(Before reading, press play and enjoy the mood music)
The diminutive Richard Brodeur, 5'7", was a fan favorite during his time with the Vancouver Canucks. He backstopped the 1982 Canucks all the way to the Stanley Cup Finals against the New York Islanders. The Canucks stormed their way through the play-offs, only losing two games through the first three rounds. The Cinderella story fell short as the juggernaut Islanders swept the Canucks in the Finals.
Brodeur was originally drafted by the New York Islanders in the 7th round of the 1972 draft but opted to sign with the Quebec Nordiques of the fledgling WHA. Brodeur won an Avco Cup, the WHA league championship, with the Nordiques in 1977. When the WHA folded in 1979, the Islanders, who still owned Brodeur's rights, struck a deal with Nordiques. The Islanders left Gerry Hart unprotected in the expansion draft and then sent goalie Goran Hogosta to the Nordiques for Brodeur.
Brodeur saw limited action in two games during his single season with the Islanders, as third string goalie behind Billy Smith and Chico Resch. Prior to the 1980 waiver draft, the Islanders, instead of risking losing Brodeur for nothing, traded him to the Canucks in a deal that include a swap of 5th round picks.

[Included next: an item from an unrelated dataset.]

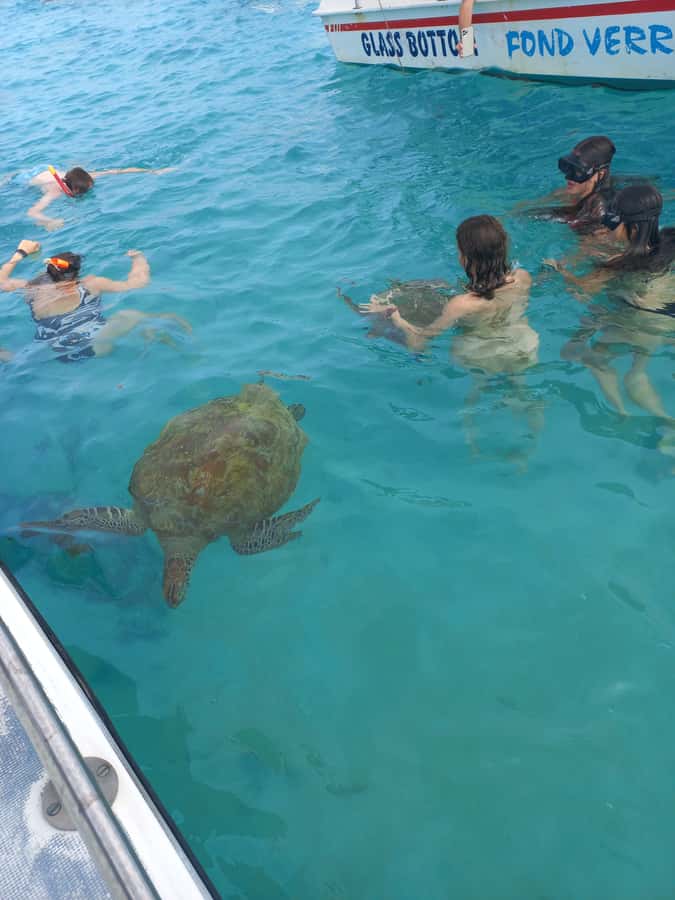 Mauritius: Snorkeling with turtles Le Transporteur speedboat - Swimming with turtles in open water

Brodeur was the Canucks top goalie for the next several seasons. The Canucks were a fairly bad team during those several seasons. In a division with the Gretzky and Oilers, Dionne and the Kings, Hawerchuk and the Jets, and McDonald and the Flames, Brodeur and the Canucks goalies found themselves basking in the red light quite often. Brodeur led all NHL goalies in most goals allowed twice, 1985 and 1986.
Although the Canucks suffered through much of the 1980s, Brodeur will be most remember for his superb playoff run in 1982. Brodeur became expendable in 1987, when the Canucks acquired Kirk McLean, who would also lead the Canucks to a Stanley Cup final. Brodeur was traded to the Hartford Whalers for another goalie, Steve Weeks.
Brodeur played six games for the Whalers, as well as four in the play-offs. After failing to make the team out of training camp in 1989, Brodeur hung up his skates after playing several games in the AHL. Post retirement, Brodeur became an accomplished artist.